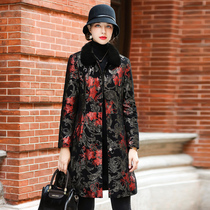 Henning Genuine Leather Down Clothing Flowers Fur Coats Womens Mid-Aged Fashion Moms Dress Foreign Air Sheep Leather Outer Cover Winter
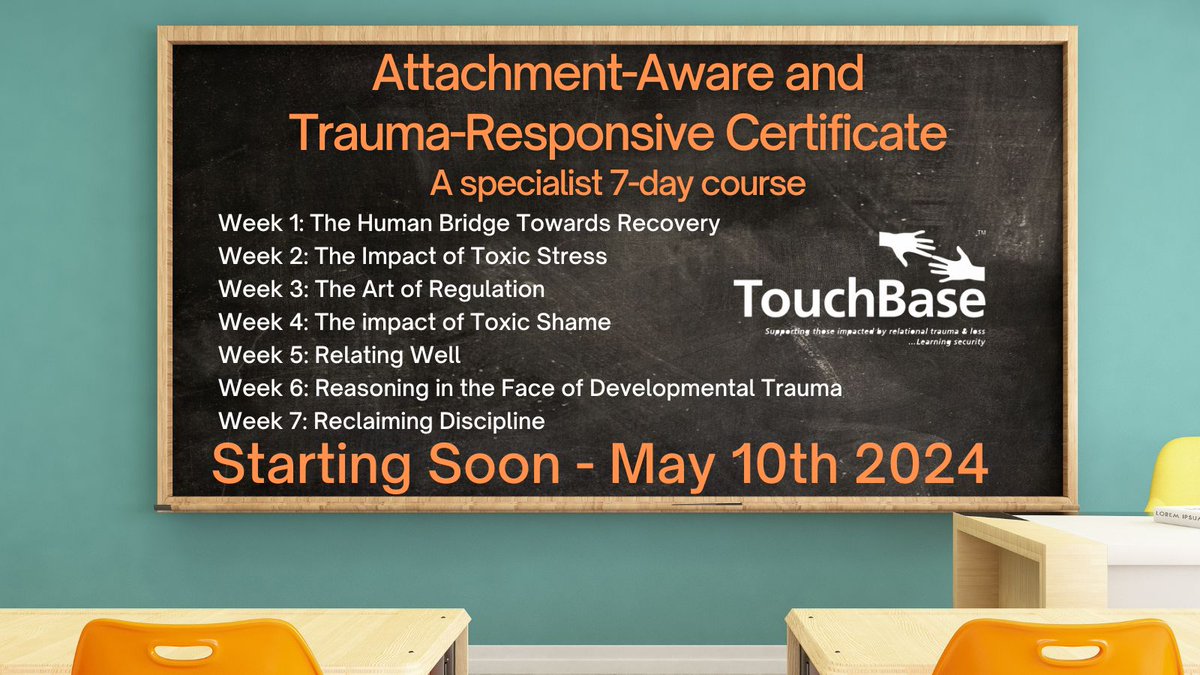 Attachment-Aware and Trauma-Responsive Certificate A specialist 7-day course for individuals working for Virtual School teams - starting 10/05/2024 Delivered, via Zoom. Please contact hannah@touchbase.org.uk for more information and to book your place.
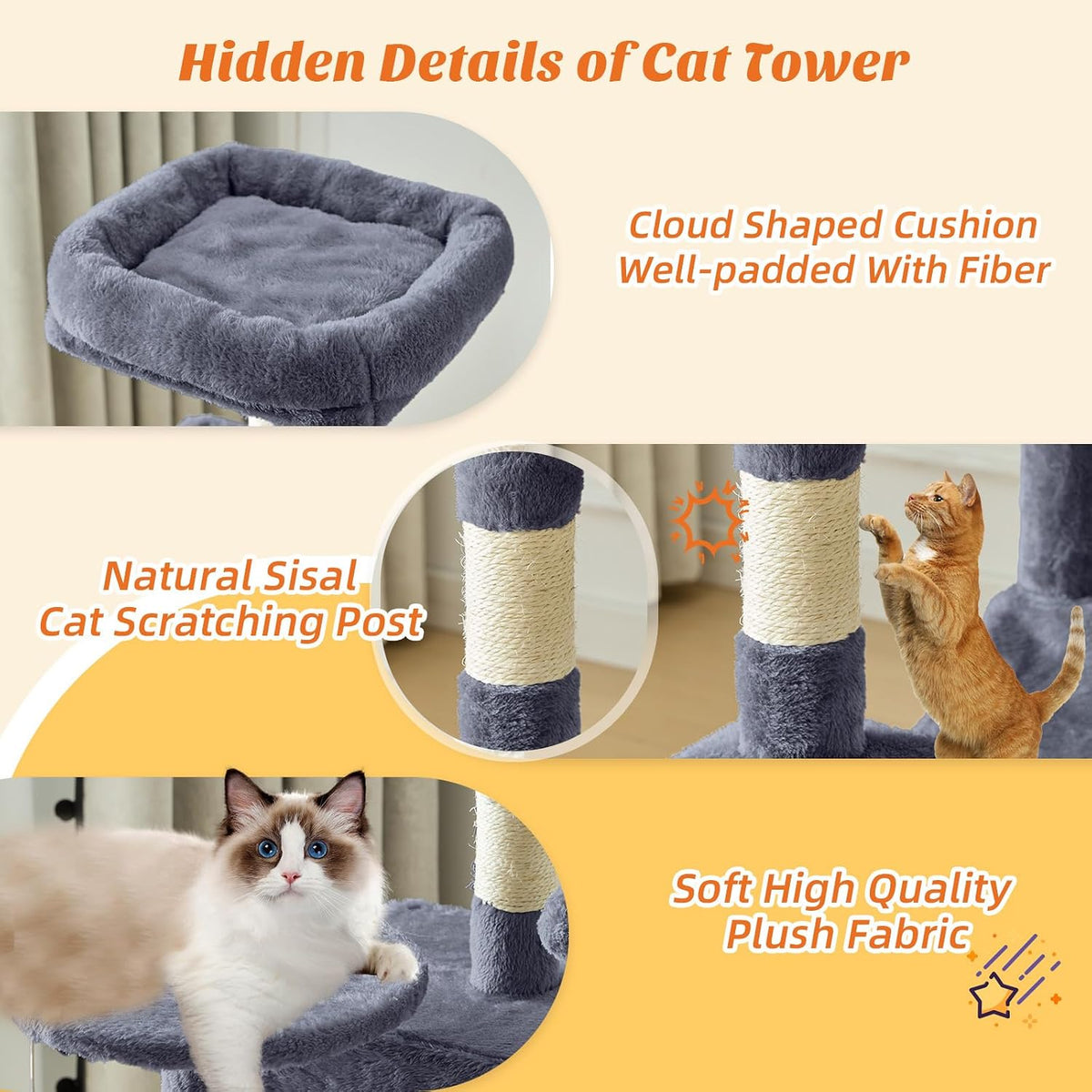 DUMOS 44 Inch Cat Tree Tower with Natural Sisal Scratching Posts – Essentials for Cats - Dark Grey / 4 / 43.6Inch - image 4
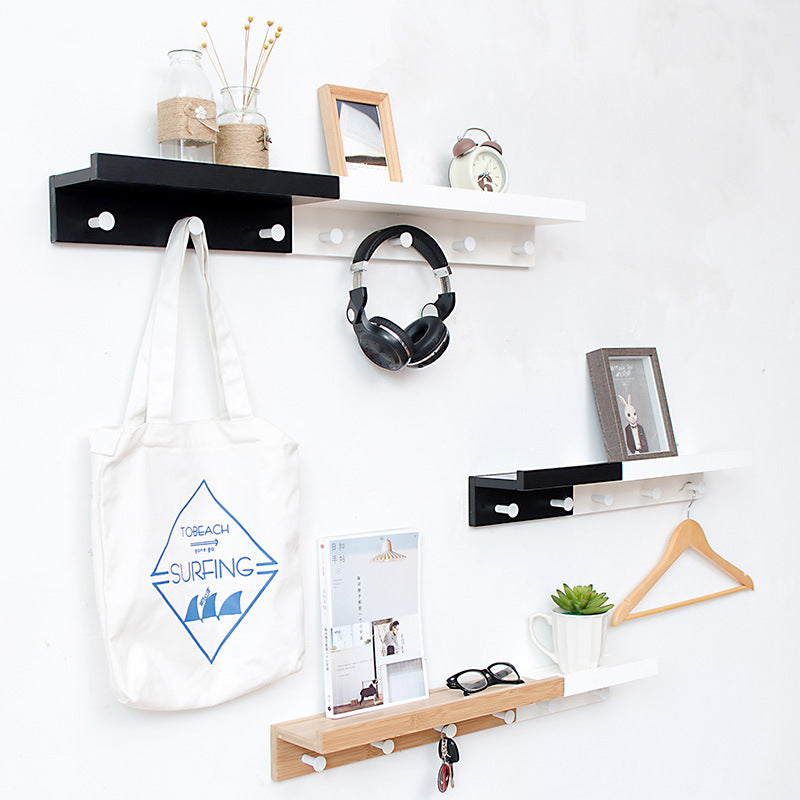 Creative word partition shelf wall hanging wall solid wood hook rack wall shelf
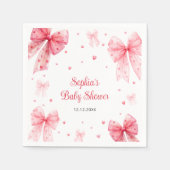 かわいい弓の赤ピンクの赤ちゃんシャワー スタンダードカクテルナプキン (正面)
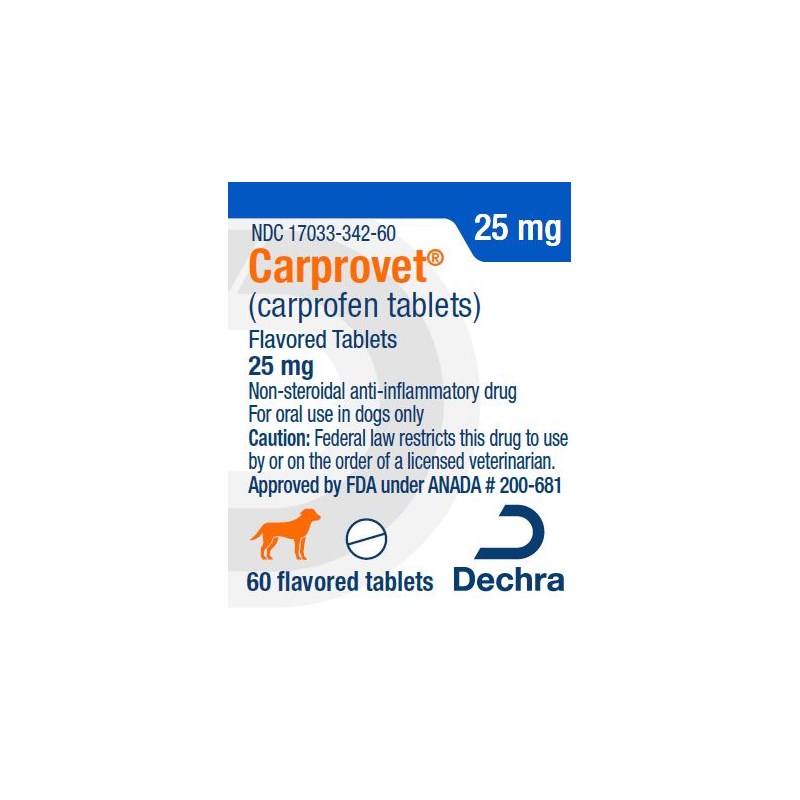 Carprovet Flavored Tabs 25mg 60ct  Dechra Label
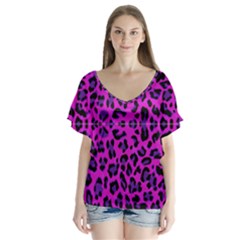 Pattern Design Textile Flutter Sleeve Top
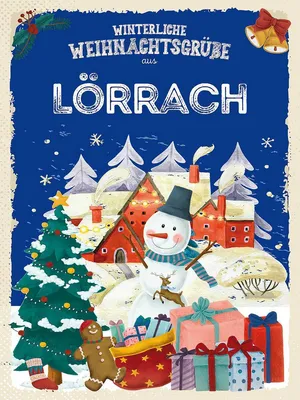 Produktbild von vianmo Holzschild 40x30 cm Weihnachtsgrüße aus LÖRRACH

★ ★ ★ ★ ★

WORK TO BE COMPLETED: Extract, verbatim and alone, the lines from the line that contains "Carprovet Flavored Tabs" to the last line of the records, inclusive; drop any picture.

OUTPUT OF THE TASK:
 Carprovet Flavored Tabs 25mg 60ct  Dechra Label
 Pattern Design Textile Flutter Sleeve Top
 Produktbild von vianmo Holzschild 40x30 cm Weihnachtsgrüße aus LÖRRACH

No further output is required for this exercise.